It’s annoying when people assume you know nothing, just because you’re young.
As someone who entered high school at age 12, I’m only too familiar with this annoyance.
In high school, I had classes with girls who gushed about football players, while I still thought boys had cooties. In college, many of my fellow students are older by a decade and have children of their own or bachelor’s degrees.
I just got my driver’s license.
Talk about a generation gap.
Just the other day, when carpooling to a journalism conference, I mentioned liking rap, only to be told I had no taste in music. Someone then shoved a CD into the player, and the car was flooded with a wistful keening of bells, harps and flutes.
Well, excuse me, but I’d take Jay-Z over a Celtic hymn any day.
College is starting to make me feel inferior because people tend to tell me what I should know, and I can’t be the crazy, loud girl I was in high school because everyone is so “mature.”
The thing is, I do lag behind most college students in a psychological sense. I am younger by at least a couple of years, so I have to work twice as hard to learn things other people already know.
For example, I am not interested in the presidential election – political speeches are my sandman – and I’m not old enough to vote.
But, hey, I know a lot of things, too. I’ve been all over the world (save for Antarctica), and I’ve lived a lifetime in less than 20 years.
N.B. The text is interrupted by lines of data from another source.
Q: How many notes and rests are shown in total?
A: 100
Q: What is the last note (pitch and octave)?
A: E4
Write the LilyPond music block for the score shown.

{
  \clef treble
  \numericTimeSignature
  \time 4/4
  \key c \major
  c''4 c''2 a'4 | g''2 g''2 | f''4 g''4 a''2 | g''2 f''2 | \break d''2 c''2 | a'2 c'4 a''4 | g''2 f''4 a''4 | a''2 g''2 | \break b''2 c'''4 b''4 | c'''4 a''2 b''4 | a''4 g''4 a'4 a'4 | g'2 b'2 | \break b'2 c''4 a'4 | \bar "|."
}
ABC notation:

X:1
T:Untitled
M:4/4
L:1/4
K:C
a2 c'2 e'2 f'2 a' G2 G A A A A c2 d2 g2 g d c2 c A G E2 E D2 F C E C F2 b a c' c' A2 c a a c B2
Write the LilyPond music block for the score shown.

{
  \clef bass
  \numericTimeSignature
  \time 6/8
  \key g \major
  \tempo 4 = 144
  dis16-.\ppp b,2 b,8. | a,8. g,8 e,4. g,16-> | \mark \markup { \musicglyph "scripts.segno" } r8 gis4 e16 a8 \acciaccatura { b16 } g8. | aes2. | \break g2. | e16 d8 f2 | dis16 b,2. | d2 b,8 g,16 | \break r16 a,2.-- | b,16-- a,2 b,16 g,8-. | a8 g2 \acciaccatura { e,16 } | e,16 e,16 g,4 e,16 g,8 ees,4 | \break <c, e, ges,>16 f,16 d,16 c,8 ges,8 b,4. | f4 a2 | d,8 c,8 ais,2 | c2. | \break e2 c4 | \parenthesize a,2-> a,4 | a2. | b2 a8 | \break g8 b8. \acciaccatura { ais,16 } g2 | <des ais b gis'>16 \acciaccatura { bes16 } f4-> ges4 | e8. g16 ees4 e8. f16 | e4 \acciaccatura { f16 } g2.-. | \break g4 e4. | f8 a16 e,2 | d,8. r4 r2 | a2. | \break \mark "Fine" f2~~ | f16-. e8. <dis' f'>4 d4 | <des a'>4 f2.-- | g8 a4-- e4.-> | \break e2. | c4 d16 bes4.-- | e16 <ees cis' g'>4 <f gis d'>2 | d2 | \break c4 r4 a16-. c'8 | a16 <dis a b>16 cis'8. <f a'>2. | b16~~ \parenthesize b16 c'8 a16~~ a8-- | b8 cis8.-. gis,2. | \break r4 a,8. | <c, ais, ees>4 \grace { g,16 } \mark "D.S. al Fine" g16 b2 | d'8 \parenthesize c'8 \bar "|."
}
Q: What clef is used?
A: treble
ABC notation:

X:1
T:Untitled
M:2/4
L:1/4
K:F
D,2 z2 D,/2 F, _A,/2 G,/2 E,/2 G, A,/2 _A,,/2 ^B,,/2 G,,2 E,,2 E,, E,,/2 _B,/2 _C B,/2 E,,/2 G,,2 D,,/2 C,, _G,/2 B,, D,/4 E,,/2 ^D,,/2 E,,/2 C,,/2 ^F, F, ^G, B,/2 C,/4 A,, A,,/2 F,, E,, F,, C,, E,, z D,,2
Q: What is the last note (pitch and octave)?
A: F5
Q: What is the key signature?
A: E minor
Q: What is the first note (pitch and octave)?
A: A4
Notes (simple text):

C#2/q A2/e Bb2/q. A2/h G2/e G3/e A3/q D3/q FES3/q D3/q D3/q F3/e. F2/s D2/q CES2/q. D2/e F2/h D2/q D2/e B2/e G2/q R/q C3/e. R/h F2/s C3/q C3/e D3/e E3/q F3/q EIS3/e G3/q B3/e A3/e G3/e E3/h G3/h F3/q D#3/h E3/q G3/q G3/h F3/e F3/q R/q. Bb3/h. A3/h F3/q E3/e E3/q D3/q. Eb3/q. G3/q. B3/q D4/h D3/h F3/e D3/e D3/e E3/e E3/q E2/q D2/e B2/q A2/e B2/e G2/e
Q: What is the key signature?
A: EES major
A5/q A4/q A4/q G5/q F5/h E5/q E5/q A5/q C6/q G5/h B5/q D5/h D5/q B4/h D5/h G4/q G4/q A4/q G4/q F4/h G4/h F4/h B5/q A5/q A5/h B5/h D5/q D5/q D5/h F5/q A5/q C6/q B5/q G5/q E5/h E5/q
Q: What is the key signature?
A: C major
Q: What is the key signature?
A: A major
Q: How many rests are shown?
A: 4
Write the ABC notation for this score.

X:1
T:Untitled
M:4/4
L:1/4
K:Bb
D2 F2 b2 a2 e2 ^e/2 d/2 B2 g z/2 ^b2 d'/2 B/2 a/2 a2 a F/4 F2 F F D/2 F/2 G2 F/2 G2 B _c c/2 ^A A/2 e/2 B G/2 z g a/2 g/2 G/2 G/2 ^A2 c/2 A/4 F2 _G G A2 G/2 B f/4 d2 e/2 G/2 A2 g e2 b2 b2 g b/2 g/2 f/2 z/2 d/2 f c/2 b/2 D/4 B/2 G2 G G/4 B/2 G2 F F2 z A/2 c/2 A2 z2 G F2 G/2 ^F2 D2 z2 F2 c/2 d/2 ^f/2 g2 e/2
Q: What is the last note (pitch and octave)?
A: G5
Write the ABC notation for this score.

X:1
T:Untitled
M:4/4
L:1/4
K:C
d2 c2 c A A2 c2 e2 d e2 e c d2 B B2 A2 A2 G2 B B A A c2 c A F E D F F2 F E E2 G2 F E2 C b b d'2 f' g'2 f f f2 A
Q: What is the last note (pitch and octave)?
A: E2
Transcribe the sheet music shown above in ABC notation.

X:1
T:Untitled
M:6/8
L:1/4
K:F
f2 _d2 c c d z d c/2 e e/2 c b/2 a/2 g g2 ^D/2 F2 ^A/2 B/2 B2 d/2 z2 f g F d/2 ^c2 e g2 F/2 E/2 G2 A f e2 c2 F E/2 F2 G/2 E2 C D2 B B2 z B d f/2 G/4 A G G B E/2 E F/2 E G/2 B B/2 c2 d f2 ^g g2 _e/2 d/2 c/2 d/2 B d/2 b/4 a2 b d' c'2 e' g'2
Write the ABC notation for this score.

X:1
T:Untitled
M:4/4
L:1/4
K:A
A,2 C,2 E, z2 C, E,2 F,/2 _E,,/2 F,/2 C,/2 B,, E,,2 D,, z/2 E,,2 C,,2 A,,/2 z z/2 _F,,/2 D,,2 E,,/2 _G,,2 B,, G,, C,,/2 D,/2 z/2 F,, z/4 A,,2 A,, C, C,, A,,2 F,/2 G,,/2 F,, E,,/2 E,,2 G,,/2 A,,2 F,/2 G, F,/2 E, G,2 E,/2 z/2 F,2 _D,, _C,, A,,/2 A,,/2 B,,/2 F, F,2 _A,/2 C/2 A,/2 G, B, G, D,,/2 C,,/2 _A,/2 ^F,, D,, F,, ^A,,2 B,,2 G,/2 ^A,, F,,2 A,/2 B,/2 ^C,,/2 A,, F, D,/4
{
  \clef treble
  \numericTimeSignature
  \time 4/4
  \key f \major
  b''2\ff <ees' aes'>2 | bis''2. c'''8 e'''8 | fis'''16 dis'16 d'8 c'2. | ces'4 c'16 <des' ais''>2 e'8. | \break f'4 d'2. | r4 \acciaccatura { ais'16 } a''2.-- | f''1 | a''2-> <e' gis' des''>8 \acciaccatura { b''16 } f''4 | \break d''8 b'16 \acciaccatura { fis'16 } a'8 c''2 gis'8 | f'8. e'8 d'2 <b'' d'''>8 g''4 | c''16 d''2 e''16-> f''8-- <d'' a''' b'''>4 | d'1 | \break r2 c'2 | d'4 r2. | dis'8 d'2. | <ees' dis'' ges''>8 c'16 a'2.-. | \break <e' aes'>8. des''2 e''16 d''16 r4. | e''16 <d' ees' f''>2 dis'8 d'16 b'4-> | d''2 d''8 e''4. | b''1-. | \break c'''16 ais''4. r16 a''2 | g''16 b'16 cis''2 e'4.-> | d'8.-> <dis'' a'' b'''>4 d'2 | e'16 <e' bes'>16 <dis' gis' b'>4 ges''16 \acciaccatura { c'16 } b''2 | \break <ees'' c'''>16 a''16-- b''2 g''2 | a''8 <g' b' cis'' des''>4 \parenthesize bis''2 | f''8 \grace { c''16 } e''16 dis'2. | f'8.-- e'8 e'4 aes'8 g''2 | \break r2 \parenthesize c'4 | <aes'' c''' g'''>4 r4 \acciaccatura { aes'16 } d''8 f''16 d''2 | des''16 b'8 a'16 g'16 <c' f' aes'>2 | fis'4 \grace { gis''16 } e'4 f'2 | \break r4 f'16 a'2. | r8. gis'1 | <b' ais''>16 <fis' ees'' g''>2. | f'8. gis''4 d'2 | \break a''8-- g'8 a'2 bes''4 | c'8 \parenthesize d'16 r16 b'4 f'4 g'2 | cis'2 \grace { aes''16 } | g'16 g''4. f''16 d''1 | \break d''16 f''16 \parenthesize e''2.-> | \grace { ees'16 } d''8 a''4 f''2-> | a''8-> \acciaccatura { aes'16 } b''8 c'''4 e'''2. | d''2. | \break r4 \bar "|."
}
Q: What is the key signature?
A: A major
I cook, I clean, I run the household and I have a 4.0 to boot.
It would be great if people stopped hounding me about the things I don’t know – like who Bob Marley is.
It would be even better if youth no longer equaled stupid in some people’s eyes.
As the Bible says, “Don’t let anyone look down on you because you are young.”
I still have a curfew, I’ve never had a job, I don’t drink and I hold my breath every time I walk through smoker central in the Main Quad.
I may not know what the ’80s were like, but it’s the youth who sometimes have the most to offer.